We can now, people like Patrick McMillan in our group are working on novel ways to track in real time many different parameters: cytoskeletal voltage, and so on. This is what that same region now looks like. So we can start to get much more complex patterns, and hopefully get enough data here to deploy state-of-the-art machine learning tools to try to infer these patterns and apply all kinds of interesting metrics from computational neuroscience to understand how to manage this behavior.
I think in the future, what I would like to see is better technology and better data for developing these physiological signatures. We are working towards control methods in mammals because we'd like to move this into patients soon. The big idea is basically cracking this bioelectric code and using normalization via electroceuticals as stimuli to the cellular collective guided by computational tools.
This is just a reminder for all of us. Mostafa Jamgoz and I edit the Bioelectricity journal, so if you have any papers that are forthcoming on any of this, I encourage you to submit to our journal.
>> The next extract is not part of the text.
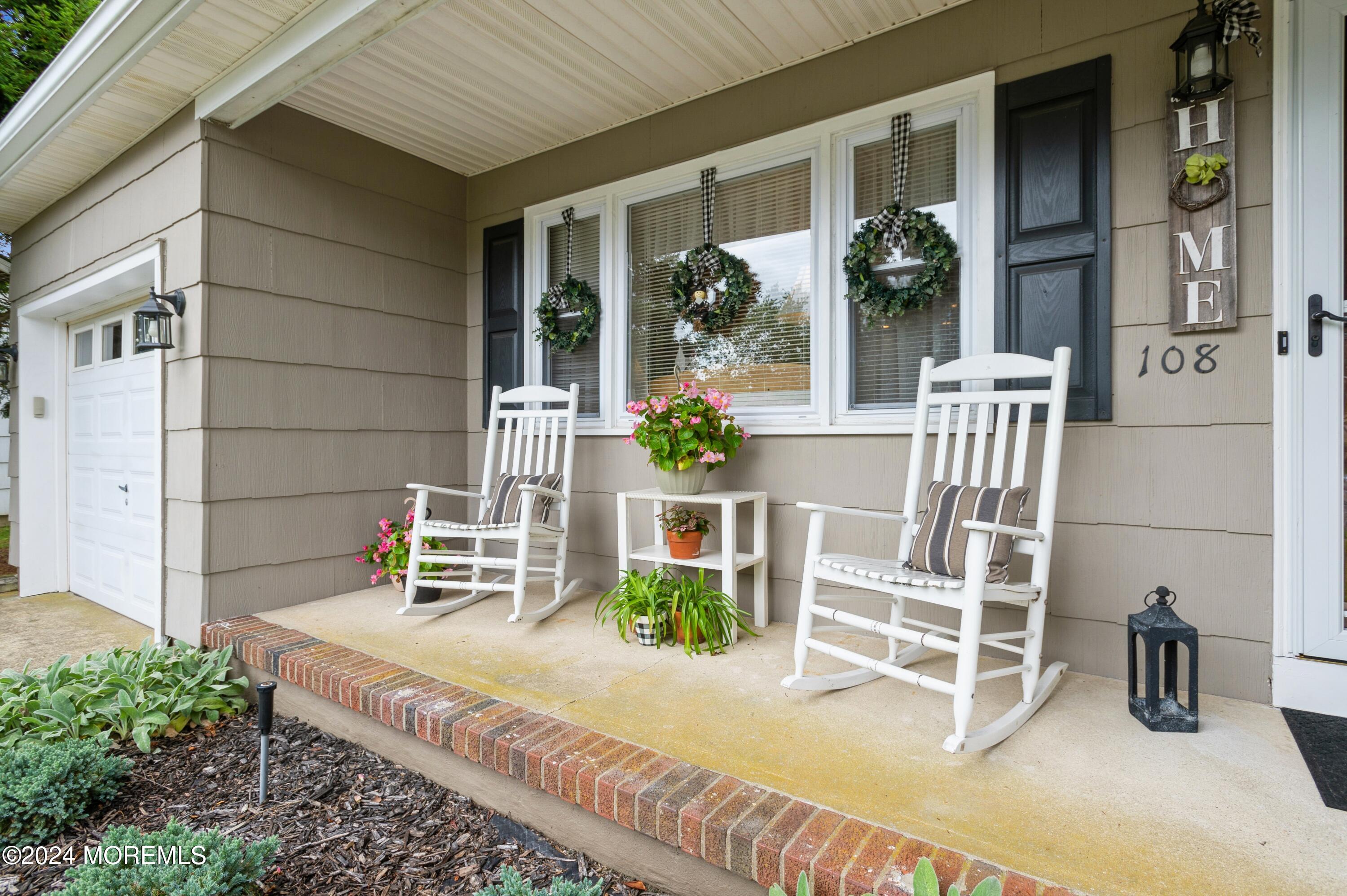 a view of a patio with table and chairs and potted plants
What I'd like to do at this point is thank all of you for listening and thank the people who did the work. Juanita Matthews is doing all of the human cancer bioelectricity in our group, and Patrick McMillan is studying the bioelectrics of cell collectivity and also developing ways to understand how these electric properties relate to single cell versus group cell behavior. Brooke and Maria here did all of the early in vivo work on the cancer that I just showed you. This is Gizem Gumuskaya who did the Anthrobots, and that's a model that we are going to be using in the cancer field shortly. Dani Adams and her pivotal early work on looking at bioelectric patterns in real embryos. Lots of other students, lots of support staff without whom we couldn't have done this work. Many collaborators. Here are some funders that supported some of this work.
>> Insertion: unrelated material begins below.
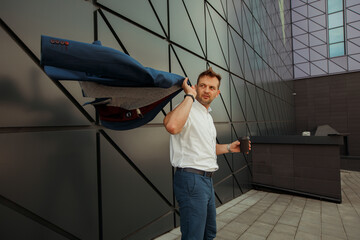 A young businessman man in a jacket near the facade of a business center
I need to do a disclosure. Astonishing Labs is a company that supports a lot of this work in our group, and we're moving forward together towards various hopefully therapeutic avenues in patients.
The last thing I'll just pitch here, kind of the very end of this, is this idea that I really think the way to think about bioelectricity is not just another piece of biophysics that we micromanage the way we do with transcription factors and signaling pathways. I think when we study bioelectricity, what we're really looking at is a communications interface. It's an interface to the root of the problem, which is the boundary that active agents set between themselves and the outside world.
This is pulling back beyond cancer; this is a larger view of how I see biomedicine developing. Whereas currently most of the progress has been around these bottom-up kinds of interventions, I think there is massive room for top-down approaches. Many of these things we and other people are doing in their groups are looking at behavior shaping and taking advantage of the various competencies of cells and tissues, various kinds of agential implants such as Anthrobots for healing in the body, different kinds of morphaceuticals, and electroceuticals.
The cancer problem, I think, is going to be powerfully addressed in some of these ways if we use new techniques, both in terms of AI and powerful concepts that are being developed in computational neuroscience, to address the cancer problem in this context. Some of the details are here.
I think that's it. Again, I'll just thank all of these people who did this amazing work and I'll thank you for listening.